Prazerosamente a leitura me colocou no túnel do tempo.
Lembranças vieram em cascata.
Minha memória começou a registrar que naquele ano passei uma boa temporada em Belém, aguardando uma autorização para fazer uma reportagem sobre a mineradora Icomi, que extraia manganês do solo amapaense.
Lembrei que os jornais O Liberal, a Folha do Norte e a Província do Pará publicaram matérias, produzidas pela assessoria de imprensa da Polícia Federal, no estilo “procura-se e recompensa” quem tiver notícias do paradeiro de João Alberto Rodrigues Capiberibe.
O livro escrito, e muito bem escrito, pelo Capi foi responsável por revolver o meu passado.
A saga da fuga de Capi por rios, florestas e trilhas amazônicas me fez recordar os tempos em que trabalhei para os jornais dos Diários Associados em todos estados da região Norte driblando a opressão da ditadura. Anos que me fizeram um bem danado.
É piegas, mas sou obrigado a dizer: “a males que vem para o bem”. Fugindo da repressão conheci toda a Amazônia, a mais encantada e rica região do país.
O livro de Capi me provou isso. O meu exílio na Amazônia, sempre tenso, pois não podia revelar minha verdadeira identidade, tanto que até hoje sou conhecido pelo nome que fui obrigado a adotar.

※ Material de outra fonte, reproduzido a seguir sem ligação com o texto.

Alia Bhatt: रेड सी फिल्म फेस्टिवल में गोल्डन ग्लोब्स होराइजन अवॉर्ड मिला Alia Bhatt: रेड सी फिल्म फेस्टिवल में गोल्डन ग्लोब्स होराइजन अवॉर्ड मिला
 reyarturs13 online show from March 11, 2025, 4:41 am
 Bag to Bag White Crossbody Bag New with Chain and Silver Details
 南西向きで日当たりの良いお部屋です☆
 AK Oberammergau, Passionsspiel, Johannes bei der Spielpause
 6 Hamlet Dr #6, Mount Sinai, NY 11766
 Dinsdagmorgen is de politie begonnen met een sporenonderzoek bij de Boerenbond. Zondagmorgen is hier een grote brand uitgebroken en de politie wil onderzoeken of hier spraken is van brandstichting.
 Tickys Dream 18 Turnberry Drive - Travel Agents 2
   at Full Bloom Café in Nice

Relembrei como estive próximo dos ditadores em reportagens que fiz sobre as “grandes obras da ditadura” na Amazônia. A maioria censurada na redação, em Fortaleza, pelos censores de plantão.
A leitura da autobiografia romanceada de Capi trouxe de volta a certeza de que estamos vivendo uma democracia do “faz de conta” por culpa da ditadura civil-militar de 1964.
O livro de Capi reforçou a minha tese.
As agruras da Amazônia atual são frutos plantados pelos milicos de plantão entre 1964 e 1985.
O que está escrito no livro, além de contar a saga vivida por Capi, Janete e o bebê Artionka, tem a virtude de trazer a tona um Brasil que infelizmente poucos conhecem.
O livro espelha o encanto da Amazônia latino-americana. Além disso, é uma ode a solidariedade humana.
É uma narrativa que mostra o mal que fez ao país os 21 anos de ditadura civil-militar. Um regime que insiste em permanecer perseguindo cidadãos, pois não foi totalmente desinstalado do país, pois muitos de seus asquerosos personagens continuam no poder.
“Florestas do meu exílio” nos leva a traçar paralelos entre aqueles anos de chumbo e a atual quadra em que vivemos através da sensatez de sua narrativa.
O livro é uma leitura obrigatória para as gerações que nasceram durante e após o golpe de 1964.